- Paul J. Cohen
- Born: April 2, 1934 Long Branch, New Jersey, U.S.
- Died: March 23, 2007 (aged 72) Stanford, California, U.S.
- Education: University of Chicago (MS, PhD)
- Known for: Cohen forcing Continuum hypothesis
- Awards: Bôcher Prize (1964) Fields Medal (1966) National Medal of Science (1967)
- Scientific career
- Fields: Mathematics
- Workplaces: Stanford University
- Thesis: Topics in the Theory of Uniqueness of Trigonometrical Series (1958)
- Doctoral advisor: Antoni Zygmund
- Doctoral students: Peter Sarnak

= Paul Cohen =

American mathematician (1934–2007)

Paul Joseph Cohen (April 2, 1934 – March 23, 2007) was an American mathematician, best known for his proofs that the continuum hypothesis and the axiom of choice are independent from Zermelo–Fraenkel set theory, for which he was awarded a Fields Medal.

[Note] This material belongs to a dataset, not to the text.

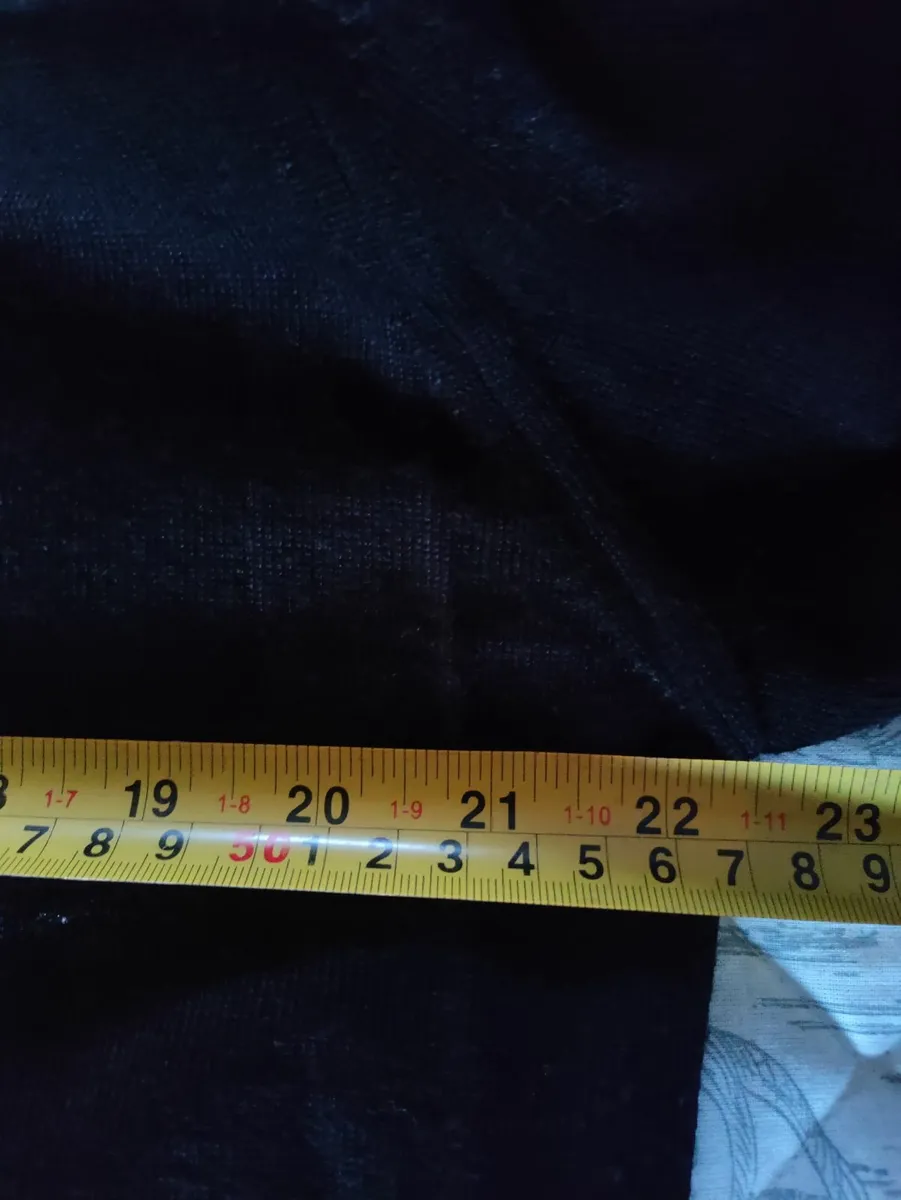 Aston Martin sweater L - Image 3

==Early life and education==
Cohen was born in Long Branch, New Jersey in 1934, into a Jewish family that had immigrated to the United States from what is now Poland; he grew up in Brooklyn. He graduated in 1950, at age 16, from Stuyvesant High School in New York City.

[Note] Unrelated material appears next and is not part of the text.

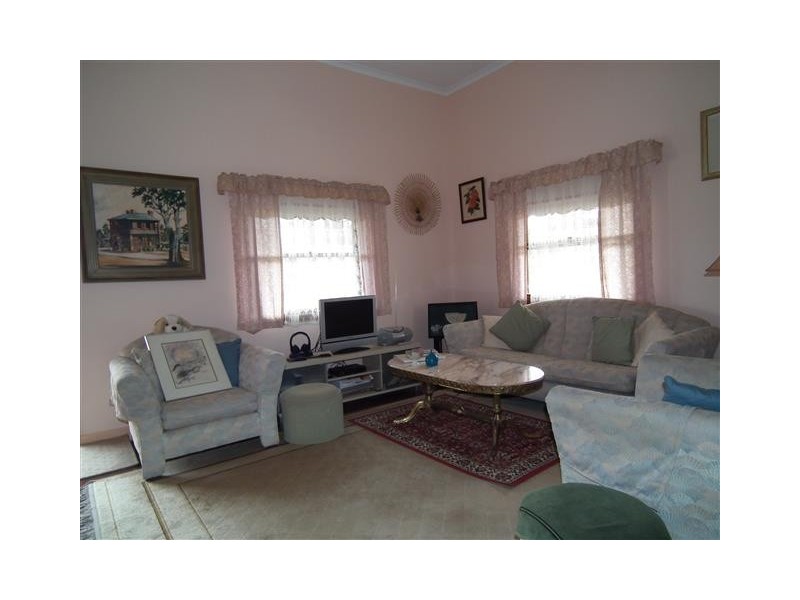 25 Barnett Road, Takura QLD 4655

Cohen next studied at Brooklyn College from 1950 to 1953, but he left without earning his bachelor's degree when he learned that he could start his graduate studies at the University of Chicago with just two years of college. At Chicago, Cohen completed his master's degree in mathematics in 1954 and his Doctor of Philosophy degree in 1958, under supervision of Antoni Zygmund. The title of his doctoral thesis was Topics in the Theory of Uniqueness of Trigonometrical Series.

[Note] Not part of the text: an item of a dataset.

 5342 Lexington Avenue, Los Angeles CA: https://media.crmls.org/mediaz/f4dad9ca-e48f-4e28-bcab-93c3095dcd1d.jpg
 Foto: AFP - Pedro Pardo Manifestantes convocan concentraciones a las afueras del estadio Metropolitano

In 1957, before the award of his doctorate, Cohen was appointed as an instructor in mathematics at the University of Rochester for a year. He then spent the academic year 1958–59 at the Massachusetts Institute of Technology before spending 1959–61 as a fellow at the Institute for Advanced Study at Princeton. These were years in which Cohen made a number of significant mathematical breakthroughs. In Factorization in group algebras (1959) he showed that any integrable function on a locally compact group is the convolution of two such functions, solving a problem posed by Walter Rudin. In Cohen (1960), he made a significant breakthrough in solving the Littlewood conjecture.

Cohen was a member of the American Academy of Arts and Sciences, the United States National Academy of Sciences, and the American Philosophical Society. On June 2, 1995, Cohen received an honorary doctorate from the Faculty of Science and Technology at Uppsala University, Sweden.

==Career==
Cohen is noted for developing a mathematical technique called forcing, which he used to prove that neither the continuum hypothesis (CH) nor the axiom of choice can be proved from the standard Zermelo–Fraenkel axioms (ZF) of set theory. In conjunction with the earlier work of Gödel, this showed that both of these statements are logically independent of the ZF axioms: these statements can be neither proved nor disproved from these axioms. In this sense, the continuum hypothesis is undecidable, and it is the most widely known example of a natural statement that is independent from the standard ZF axioms of set theory.

For his result on the continuum hypothesis, Cohen won the Fields Medal in mathematics in 1966, and also the National Medal of Science in 1967. The Fields Medal that Cohen won continues to be the only Fields Medal to be awarded for a work in mathematical logic, as of 2026.

Apart from his work in set theory, Cohen also made many valuable contributions to analysis. He was awarded the Bôcher Memorial Prize in mathematical analysis in 1964 for his paper "On a conjecture by Littlewood and idempotent measures", and lends his name to the Cohen–Hewitt factorization theorem.

Cohen was a full professor of mathematics at Stanford University. He was an Invited Speaker at the ICM in 1962 in Stockholm and in 1966 in Moscow.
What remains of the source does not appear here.